Compared to the R5 7600X, the Core i5-13600K also has the advantage of a dual controller and support for not only DDR5 memory (like AMD’s Ryzen 7000 processors), but also the older and cheaper DDR4 standard. The latter is primarily cheaper (although the price difference is already significantly less than it was a year ago), which from the perspective of the entire platform becomes especially evident in the price/performance ratio for lower-end processor models. DDR4 memory is otherwise supported by all Intel Raptor Lake processors (including the Core i9-13900K).

Motherboards with DDR4 memory support are also a bit cheaper (than for AMD processors) for Core i5-13600K. However, it should be taken into account that Ryzen 5 7600X is cheaper than Core i5-13600K by at least 20 EUR and the difference between the prices of similarly equipped computers across platforms is not as dramatic as it is sometimes portrayed.

The Core i5-13600K enters this duel (with the Ryzen 5 7600X) with core count superiority, but it only supports Turbo Boost 2.0. The achieved single-core boost frequencies are 700 MHz lower than those of the Core i9-13900K, so in single-threaded performance, the Ci5-13600K will lose significantly more to the Core i9 than the Ryzen 5 7600X loses to the Ryzen 9s.

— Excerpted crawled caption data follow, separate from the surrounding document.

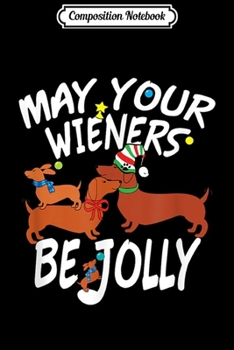 Composition Notebook: Funny Holiday Dachshund Jolly Doxie Wiener Dog Pet Lover  Journal/Notebook Blank Lined Ruled 6x9 100 Pages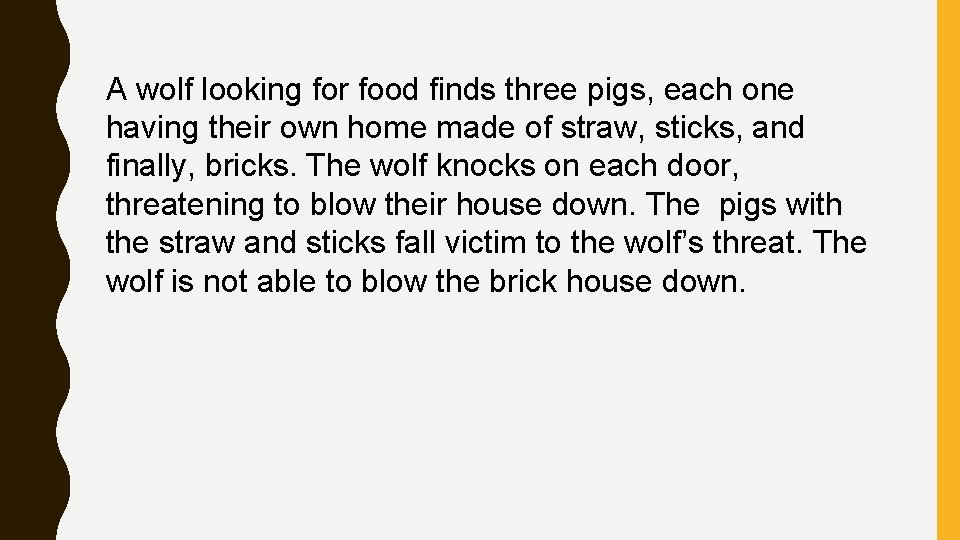 A wolf looking for food finds three pigs, each one having their own home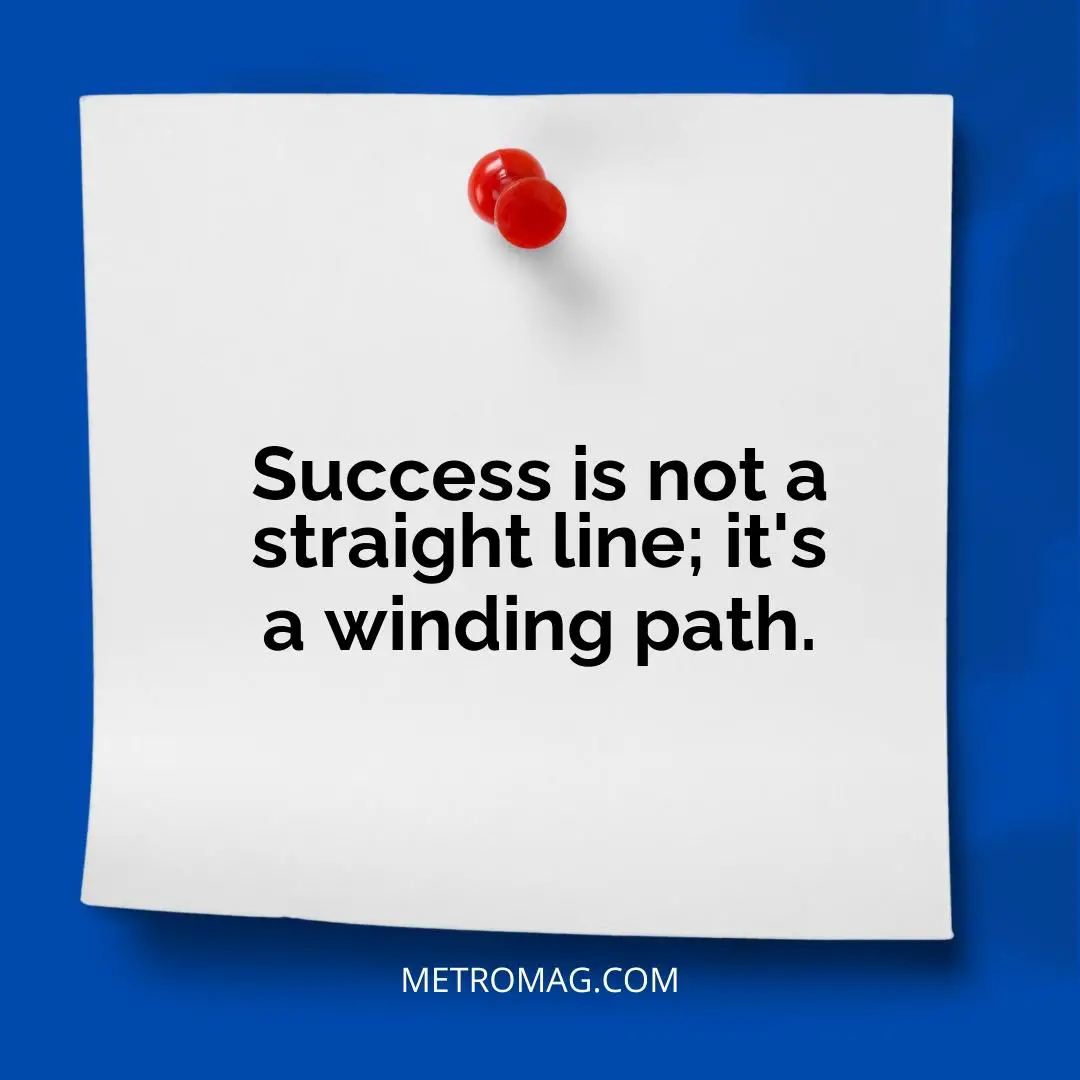 Success is not a straight line; it's a winding path.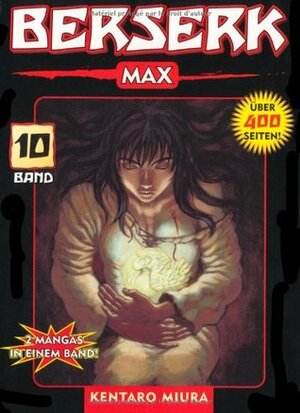 Berserk Max: Bd 10 by Kentaro Miura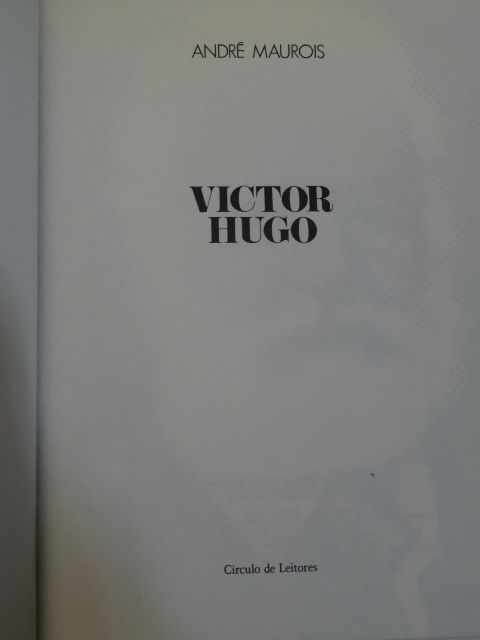 Victor Hugo de André Maurois - Vários Livros
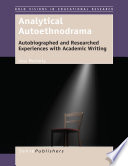 Analytical autoethnodrama : autobiographed and researched experiences with academic writing /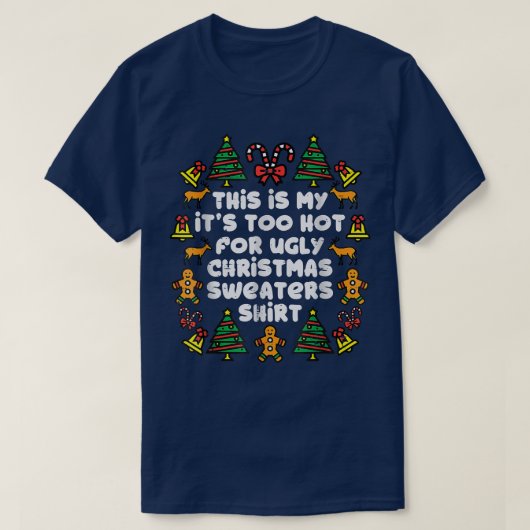 醜いクリスマスセーターのクリスマスには暑すぎるおもしろい Tシャツ (デザイン正面)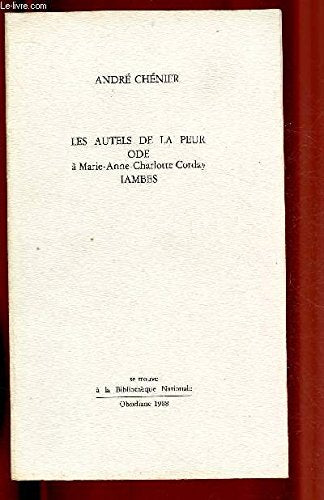 Les Autels de la peur Ode à Marie-Anne-Charlotte Corday Iambes (Se trouve à la Bibliothèque nationale) book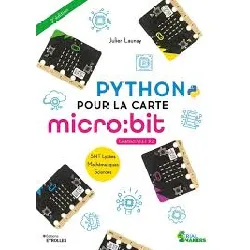 livre python pour la carte micro:bit, cartes v1 et v2 - snt lycées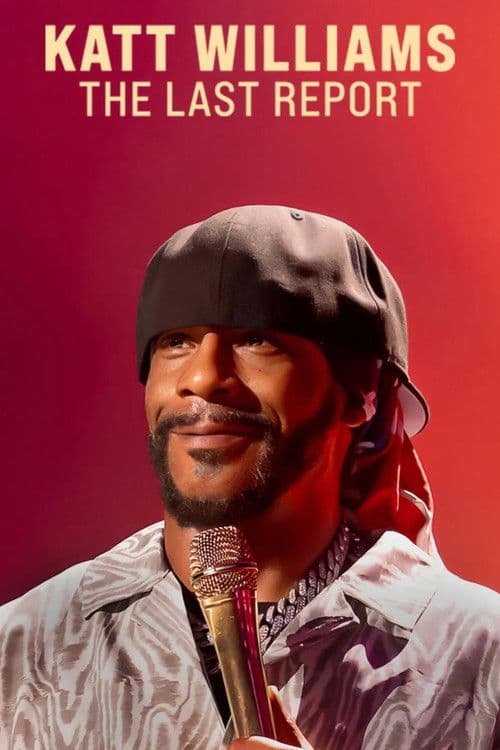 Katt Williams: The Last Report afişi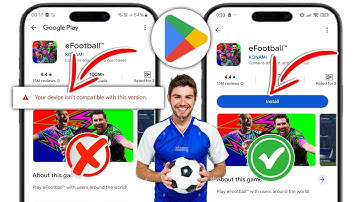 How to Fix eFootball 2025 Your Device Isn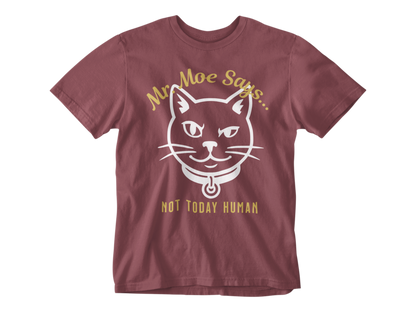 Mr. Moe Says - Not Today Human Unisex Tee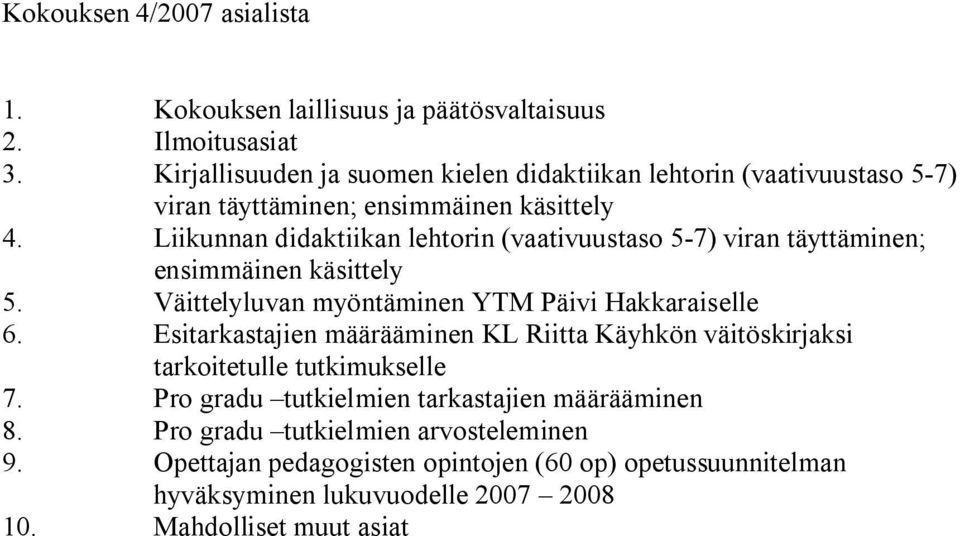 Liikunnan didaktiikan lehtorin (vaativuustaso 5 7) viran täyttäminen; ensimmäinen käsittely 5. Väittelyluvan myöntäminen YTM Päivi Hakkaraiselle 6.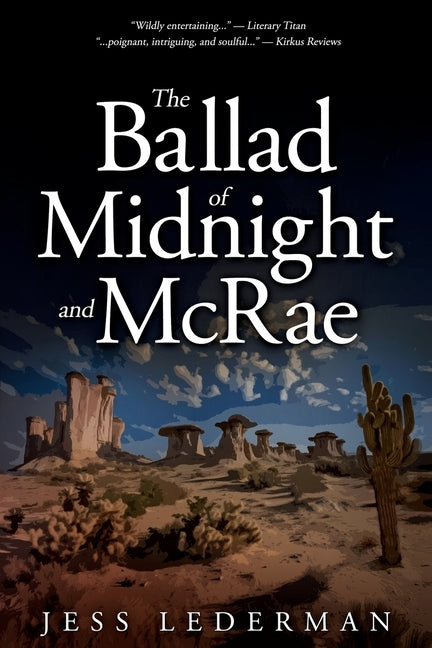 The Ballad of Midnight and McRae by Lederman, Jess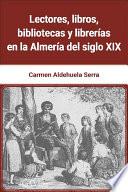 Lectores, libros, bibliotecas y librerías en la Almería del siglo XIX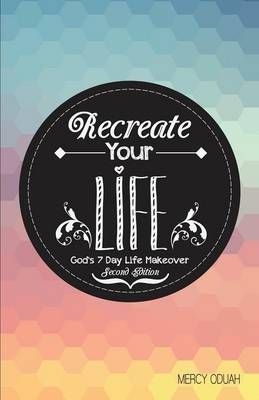 Recreate Your Life By Mercy Oduah 9781628399066 (Paperback)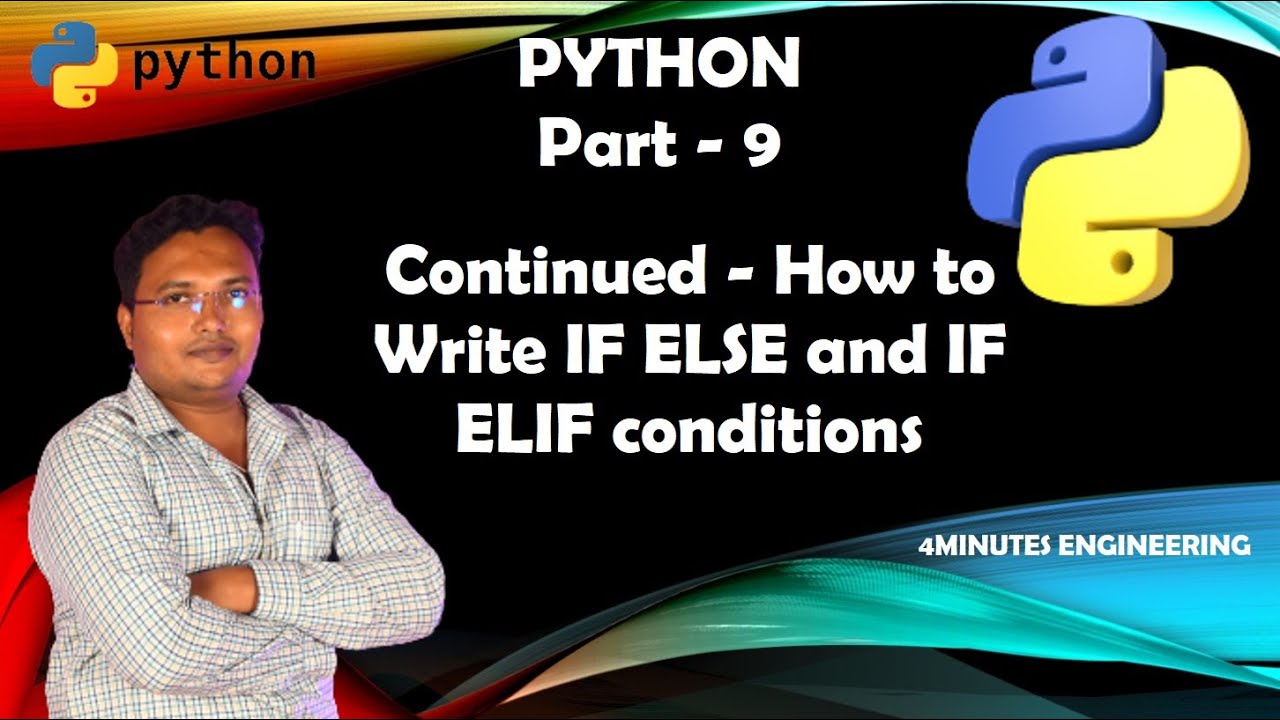 Python - Part 9: Continued - How to Write IF ELSE and IF ELIF ...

The Core i5-13600K’s power limit for short-term load (PL2) is 72 W lower (181 W) than in the Core i9-13900K, but there is a 31 W increase over the Ci5-12600K. The TDP is the same across all “K” processors (from this and past generations, up to Comet Lake) at 125 W.

The Core i5-13600K chip is the same as the Core i9-13900K, with a die area of approximately 257 mm², except that it is partially disabled. Lower clocked, but otherwise the same as in the Ci9-13900K is also the UHD 770 iGPU with 32 blocks of compute units (CUs).